- Born: 1973 (age 52–53)
- Education: Cambridge University (BSc 1994) Warwick University (PhD 1998)
- Known for: microbial biofilms
- Scientific career
- Fields: microbiology
- Workplaces: Newcastle University NIDCR Bristol University
- Thesis: Biofilms in the potable water distribution network (1998)
- Doctoral advisor: Crawford S. Dow

= Nicholas Jakubovics =

British dental researcher

Nicholas Stephen Jakubovics (born 1973) is a British dental researcher and academic who is a professor of oral microbiology at the School of Dental Sciences, Newcastle University. He is editor-in-chief of the Journal of Dental Research. His research concentrates on microbial adhesion, colonisation and cell-cell interactions, primarily in dental plaque.

==Career==

Jakubovics studied biochemistry at Girton College, Cambridge before completing a doctorate at Warwick University under the supervision of Crawford S. Dow. He subsequently worked with Howard Jenkinson at Bristol Dental School investigating the adhesion, colonisation and sensing mechanisms of oral streptococci. In 2004, Jakubovics obtained a NIH Post-Doctoral Fellowship to work with Paul Kolenbrander at the National Institute for Dental and Craniofacial Research in Bethesda, Maryland, on cell-cell interactions in oral biofilms. He joined Newcastle Dental School as lecturer in Oral Microbiology in 2007 and was promoted to Professor in 2022. His research employs techniques from molecular genetics to understand how oral biofilms form and to investigate the impact of different treatments. Jakubovics co-authored a 2019 paper finding that early-stage bacterial growth was slowed by the use of rose petal-like hierarchical surfaces. He also studies biofilms elsewhere in the human body, including prosthetic joint, middle ear, and sinus infections.

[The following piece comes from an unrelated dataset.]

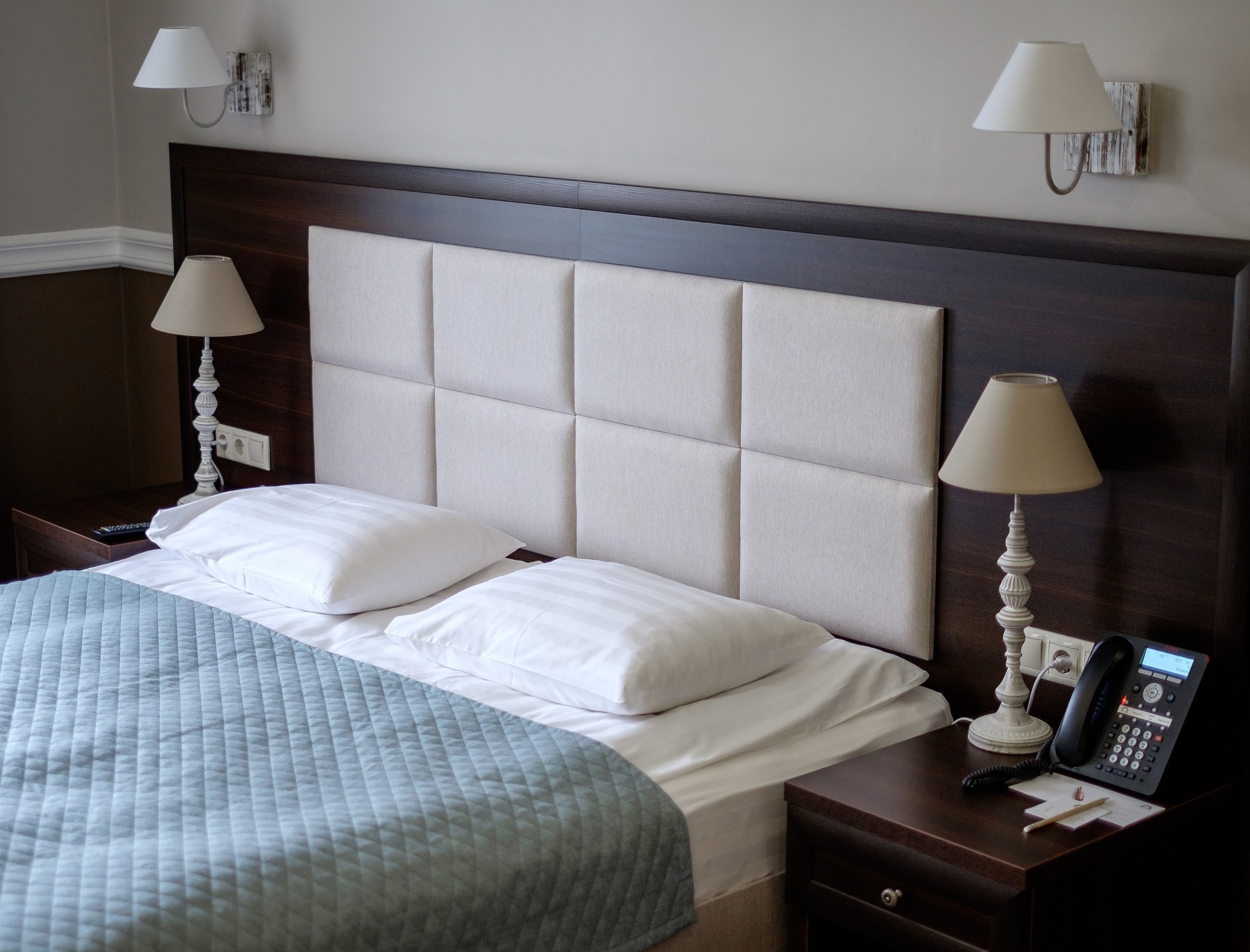 Mirros Hotel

Jakubovics, Alexander H. Rickard, Derek Samarian, and Ethan Kolderman jointly hold a patent for the use of L-arginine to remove dental plaque.

Jakubovics has been editor-in-chief of the Journal of Dental Research since April 2020.

==Personal life==
Jakubovics has represented Bristol in the Four Nations Chess League. He has two children and lives in Northumberland.